A popular misconception is that data science all about statistics. While statistics is important, it is not the only type of math utilized. There are two branches of statistics, classical statistics and Bayesian statistics. When most people refer to statistics, they are generally referring to classical statistics, but knowledge of both types is helpful.
Furthermore, many inferential techniques and machine learning algorithms lean on knowledge of linear algebra. For example, a popular method to discover hidden characteristics in a data set is SVD, which is grounded in matrix math and has much less to do with classical statistics. It is helpful for data scientists to have broadness and depth in their knowledge of mathematics.
Data Scientists must possess knowledge of Technology and Hacking.

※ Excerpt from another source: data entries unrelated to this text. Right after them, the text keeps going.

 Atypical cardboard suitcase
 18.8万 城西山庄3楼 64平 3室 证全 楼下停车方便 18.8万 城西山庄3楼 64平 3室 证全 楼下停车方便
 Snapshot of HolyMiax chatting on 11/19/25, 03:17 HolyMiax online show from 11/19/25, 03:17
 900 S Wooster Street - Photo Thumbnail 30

When we refer to hacking, we are not talking about hacking in the sense of breaking into computers. In the tech programmer subculture, the meaning of hacking is the act of using creativity, ingenuity, and technical skills to build things, and find clever solutions to problems.
Data scientists need to be able to code, prototype quick solutions, as well as integrate with complex data systems. Core languages associated with data science include SQL, Python, R, and SAS and on a lower level Java, Scala, Julia, etc. A hacker must know a bit more than just language fundamentals, a hacker must be a technical ninja, able to creatively navigate their way through technical challenges in order to make their code work.

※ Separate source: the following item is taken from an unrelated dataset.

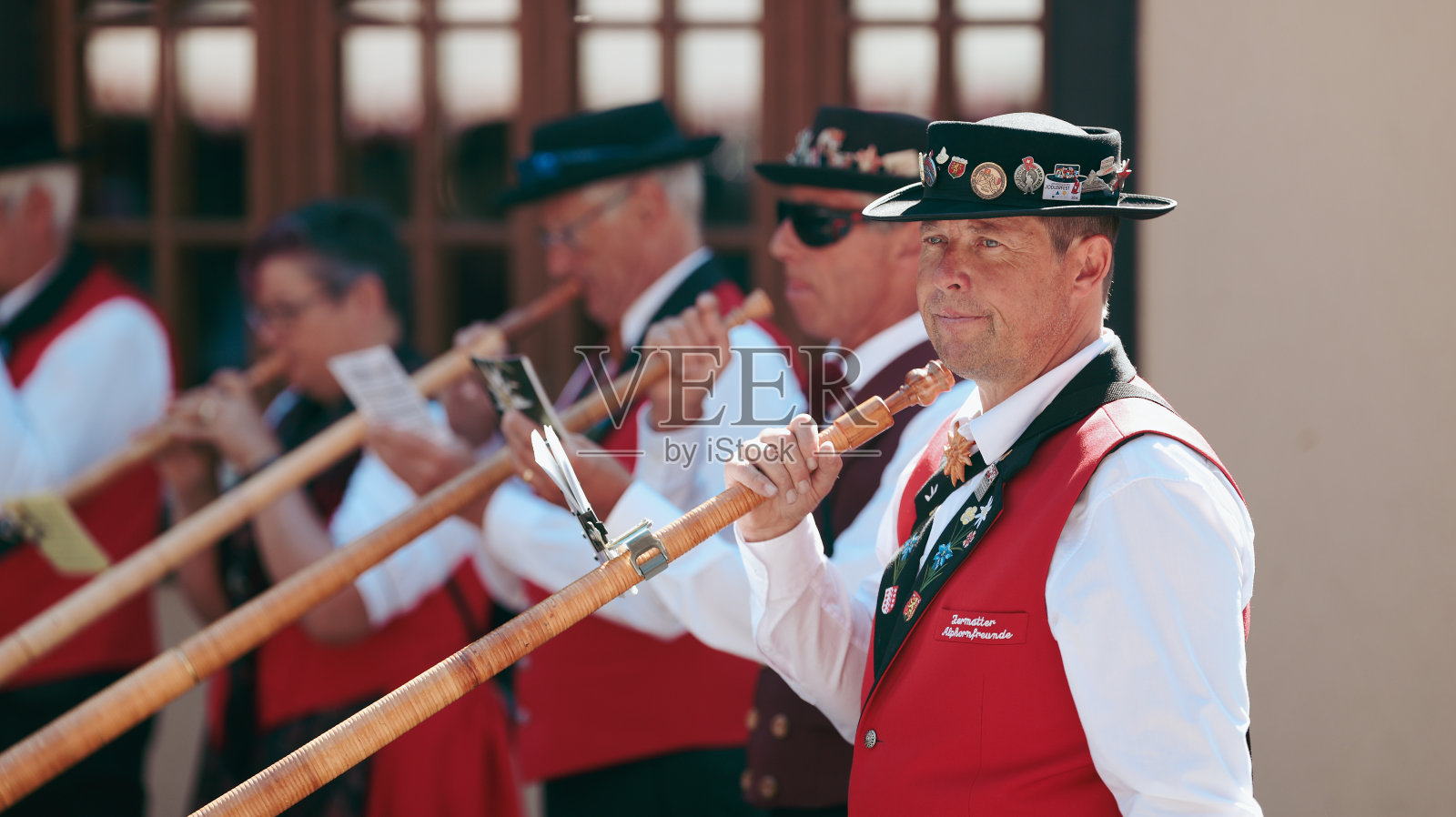 在瑞士采尔马特的一个传统节日里，音乐家们演奏着大号照片摄影图片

A data science hacker must be a solid algorithmic thinker, having the ability to break down messy problems and recompose them in ways that are solvable; This skill is critical, data scientists operate within a lot of algorithmic complexity. They need to have a strong mental comprehension of high-dimensional data in order to establish full clarity on how all the pieces come together to form a cohesive solution.
Data Scientists must Possess a Strong Business Acumen.
It is important for a data scientist to be a tactical business consultant.
Working so closely with data, data scientists are positioned to learn from data in ways no one else can. This creates the responsibility to translate these observations to shared knowledge and contribute to strategy on how to solve core business problems.
Having a strong business acumen is just as important as having acumen for tech and algorithms. There needs to be clear alignment between data science projects and business goals. Ultimately, value doesn’t come from data, math, and tech itself; the real value comes from leveraging all of the above using data insights as supporting pillars which leads to guidance and formation of robust business strategies.
A common personality trait of Data Scientists is that they are deep thinkers with intense intellectual curiosity.
Data science is all about being inquisitive: asking questions, making new discoveries, and learning new things.
Ask a data scientist who is obsessed with their work what drives them, they won’t say “money”. The real motivation is being able to use their creativity and ingenuity to solve hard problems and constantly indulge in their curiosity. Deriving complex reads from data is beyond just making an observation, it is about uncovering “truth” that lies hidden beneath the surface. Problem solving is not a task, but an intellectually-stimulating journey to a solution.